Un mécanisme de défense pour l’employeur

Rien de nouveau sous le soleil donc, et on va rassurer tous les patrons du pays : oui, le Français moyen aime encore travailler. « Le travail a encore beaucoup de sens dans nos vies, et loin de faire le minimum, la France a une des meilleures productivités horaires de l’OCDE. Oui, le Français veut beaucoup de temps libre, mais quand il bosse, il bosse », atteste Bernard Vivier.

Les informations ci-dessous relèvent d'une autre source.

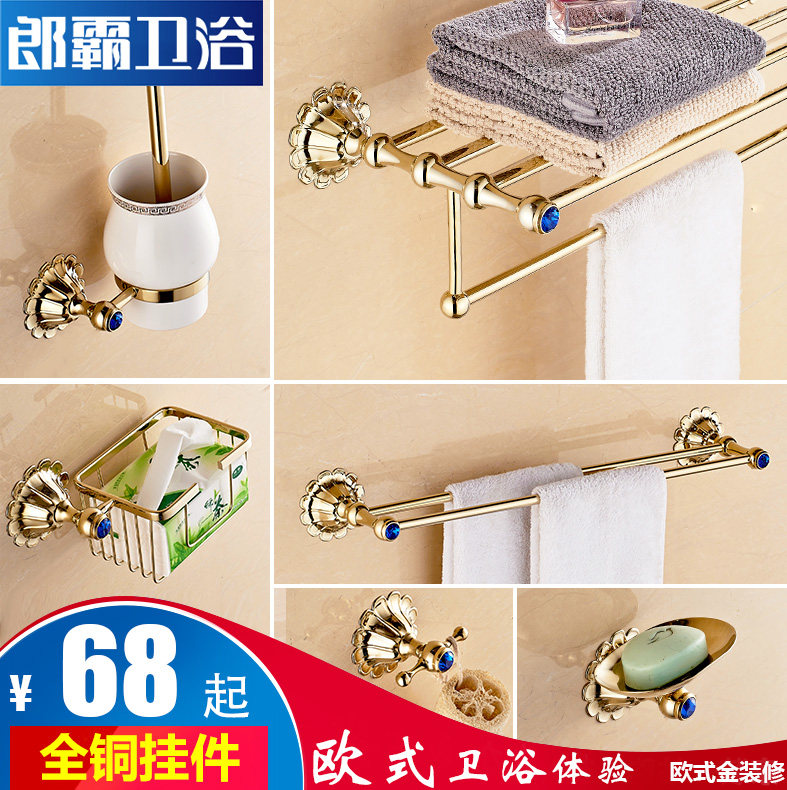 �ɰ�ȫͭŷʽë����3235213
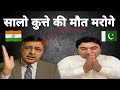 Col Shailendra Singh Qamar Cheema Debate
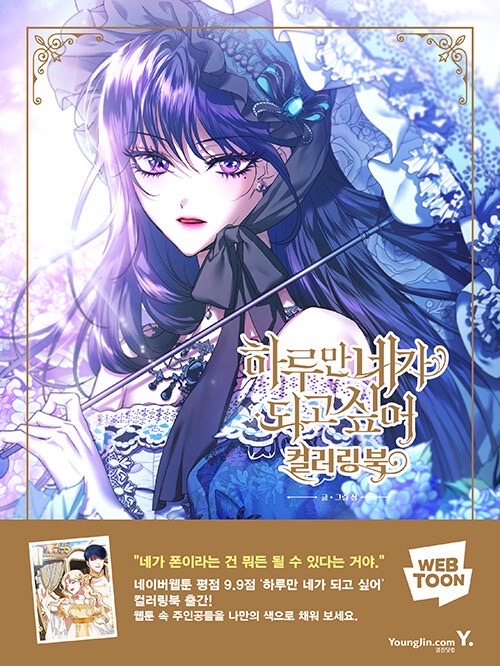 著色本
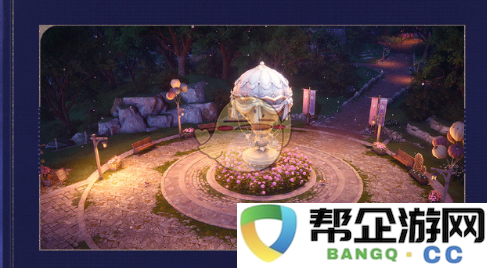 《无限暖暖》1.2版本花焰季全新内容详细介绍及更新亮点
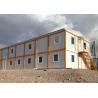 Buy cheap Container Prefab House for prefab camp house from wholesalers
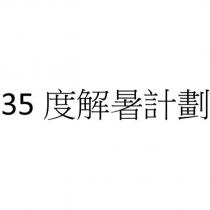 35 度解暑計劃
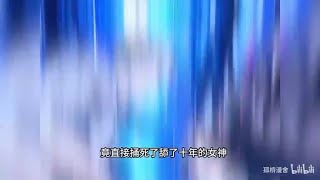 【末世不囤货+游戏数据流+杀伐果断+无敌流派+无女主后宫+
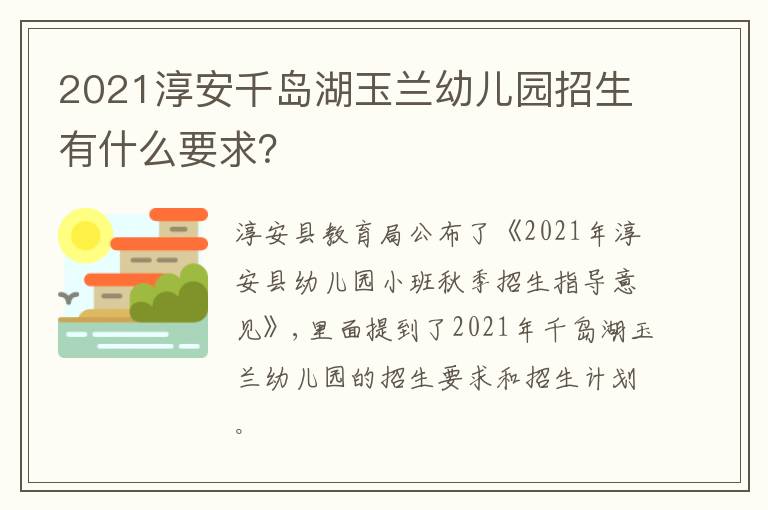 2021淳安千岛湖玉兰幼儿园招生有什么要求？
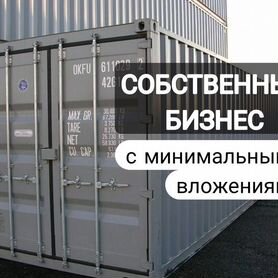 Готовый бизнес с минимумом вложений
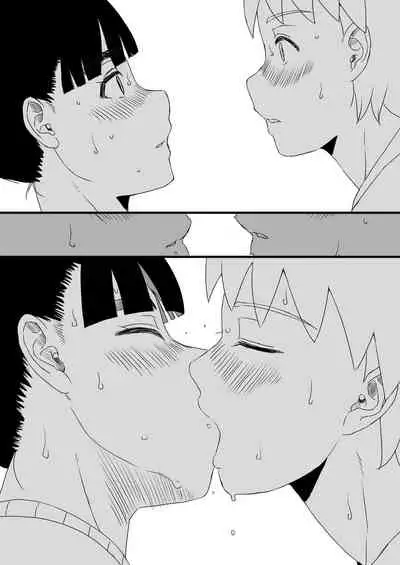 [Senaka] Giri no Ane to no 7-kakan Seikatsu - 1 [Chinese]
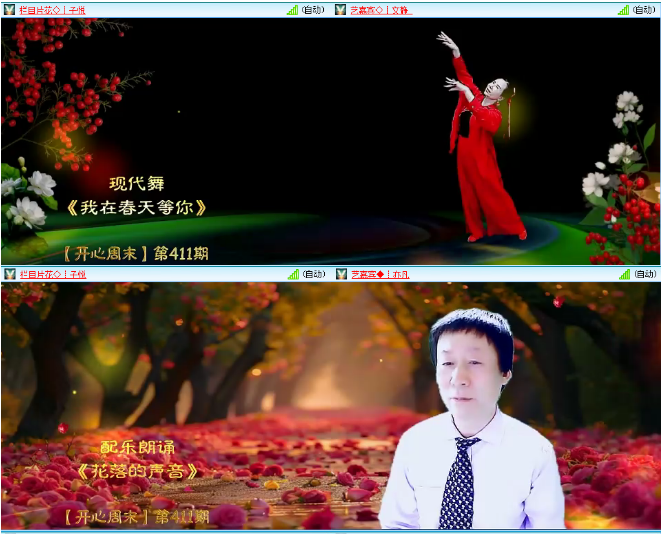 小浅🎤V娱热点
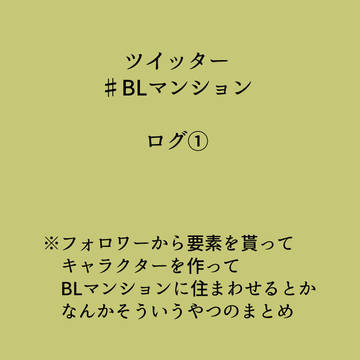 創作ログ①
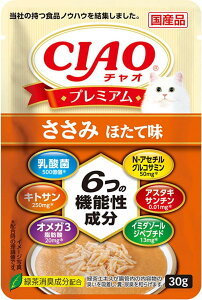 y󂠂z`I (CIAO) v~A  قĖ 30g×16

Cette idée de salariés ne voulant plus mettre la main à la pâte serait avant tout un mécanisme de défense pour les employeurs estime Marie-Rachel Jacob, notamment dans les secteurs ayant du mal à recruter : « Ils savent que leurs conditions de travail sont dures et qu’elles sont difficilement changeables. Le BTP sera toujours difficile physiquement, la restauration ne fonctionne qu’avec des horaires décalés. C’est donc plus facile de penser que c’est la faute aux salariés qui n’ont plus aucune envie de travailler que se remettre en question. »

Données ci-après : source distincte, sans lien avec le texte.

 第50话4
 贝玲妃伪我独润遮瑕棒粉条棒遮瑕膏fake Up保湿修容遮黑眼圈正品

Comparaison n’est pas raison

Vous l’aurez noté à leurs noms, la plupart de ses concepts viennent d’outre-atlantique, « ce qui rend la transposition à la France assez douteuse », poursuit la chercheuse, ne serait-ce que pour des différences évidentes en matière de droit du travail et de protection sociale. La grande démission, constatée aux Etats-Unis, n’est pas vraiment applicable à la France : « Certes, il y a eu de nombreuses ruptures de contrat de travail en France en 2022, mais la plupart ont été rembauchés dans un autre emploi derrière. Ce n’est pas la même chose aux Etats-Unis, où beaucoup ont réellement quitté le monde du travail sans y remettre un pied. »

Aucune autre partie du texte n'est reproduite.